- Conference: Big Eight Conference|Big Seven Conference
- Record: 11–10 (5–7 Big 7)
- Head coach: Phog Allen (38th season);
- Assistant coaches: Jack Eskridge (1st season); Dick Harp (6th season);
- Captain: John Anderson
- Home arena: Hoch Auditorium Allen Fieldhouse

= 1954–55 Kansas Jayhawks men's basketball team =

American college basketball season

The 1954–55 Kansas Jayhawks men's basketball team represented the University of Kansas during the 1954–55 college men's basketball season. The Jayhawks were coached by Phog Allen who in his 36th season of his second tenure, 38th season overall. Kansas played their home games primarily at Hoch Auditorium, however, they did play their first game at Allen Fieldhouse, named after their head coach, on March 1, 1955 against Kansas State. They would play one more game at Allen Fieldhouse that season. The Jayhawks finished 11–10 and failed to qualify for the NCAA tournament.

==Roster==
- Dallas Dobbs
- Gene Elstun
- Bill Brainard
- Lew Johnson
- John Parker
- John Anderson
- Maurice King
- Gary Padgett
- Larry Davenport
- Blaine Hollinger
- Chris Divich
- Ron Johnston
- Lee Green
- Harry Jett
- Jack Wolfe
- Jerry Alberts
- Jim Toft
- Bill Heitholt
- Dick Warren
- Allan Hurst

==Schedule==

| Date time, TV | Rank^{#} | Opponent^{#} | Result | Record | Site city, state |
| December 6* |  | LSU | W 83–58 | 1-0 | Hoch Auditorium Lawrence, KS |
| December 14* |  | Tulsa | W 73–66 | 2-0 | Hoch Auditorium Lawrence, KS |
| December 17* |  | Rice | W 77–67 | 3-0 | Hoch Auditorium Lawrence, KS |
| December 18* |  | Rice | W 100–72 | 4-0 | Hoch Auditorium Lawrence, KS |
| December 27 | No. 20 | vs.

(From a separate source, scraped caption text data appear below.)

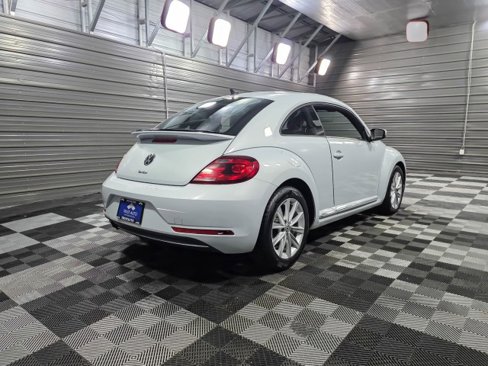 Used 2017 Volkswagen Beetle 1.8T SE image 5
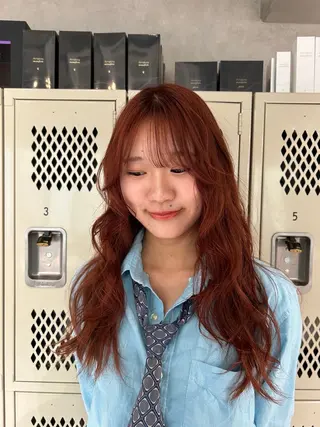 ロング カラー ayano🍒パーマ 暖色カラーのヘアスタイル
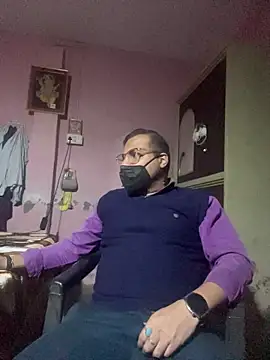 Saxymood1111 online show from February 15, 2026, 10:58 am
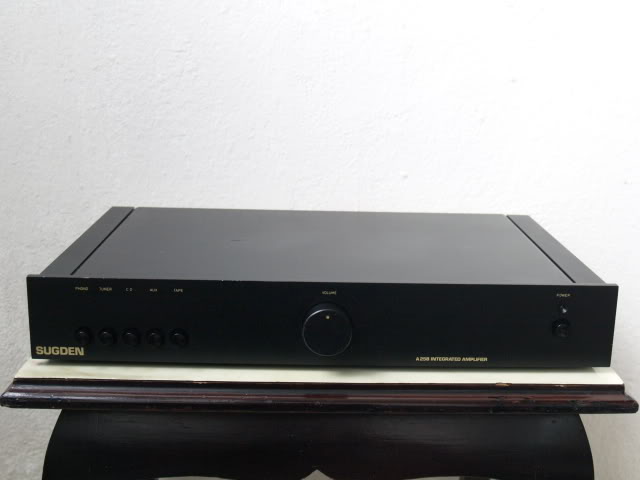 Sugden A25B Integrated Amplifier。（Used。）SOLD. _1010503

Iowa State | L 81–82 | 4-1 | Municipal Auditorium Kansas City, MO |
| December 29* | No. 16 | vs. California | L 62–65 | 4-2 | Municipal Auditorium Kansas City, MO |
| December 31 | No. 16 | vs. Nebraska | W 69–66 | 5-2 | Municipal Auditorium Kansas City, MO |
| January 4 |  | No. 9 Missouri Border War | L 65–76 | 5-3 (0-1) | Hoch Auditorium Lawrence, KS |
| January 10 |  | Colorado | L 54–65 | 5-4 (0-2) | Hoch Auditorium Lawrence, KS |
| January 15 |  | at Nebraska | L 55–66 | 5-5 (0-3) | Nebraska Coliseum Lincoln, NE |
| January 17 |  | at Iowa State | W 73–72 | 6-5 (1-3) | The Armory Ames IA |
| February 8 |  | Iowa State | L 59–77 | 6-6 (1-4) | Hoch Auditorium Lawrence, KS |
| February 12 |  | at Kansas State Sunflower Showdown | W 78–68 | 7-6 (2-4) | Ahearn Field House Manhattan, KS |
| February 14 |  | Oklahoma A&M | W 50–42 | 8-6 | Hoch Auditorium Lawrence, KS |
| February 16 |  | at Oklahoma | W 87–75 | 9-6 (3-4) | Field House Norman, OK |
| February 19 |  | Nebraska | L 55–66 | 9-7 (3-5) | Hoch Auditorium Lawrence, KS |
| February 22 |  | Colorado | L 69–80 | 9-8 (3-6) | Balch Fieldhouse Boulder, CO |
| February 27 |  | at Oklahoma A&M | L 49–63 | 9-9 | Gallagher-Iba Arena Stillwater, Oklahoma |
| March 1 |  | Kansas State Sunflower Showdown | W 77–67 | 10-9 (4-6) | Allen Fieldhouse Lawrence, KS |
| March 5 |  | at No. 20 Missouri Border War | L 71–90 | 10-10 (4-7) | Brewer Fieldhouse Columbia, MO |
| March 8 |  | Oklahoma | W 71–67 | 11-10 (5-7) | Allen Fieldhouse Lawrence, KS |
*Non-conference game. ^{#}Rankings from AP Poll. (#) Tournament seedings in parentheses.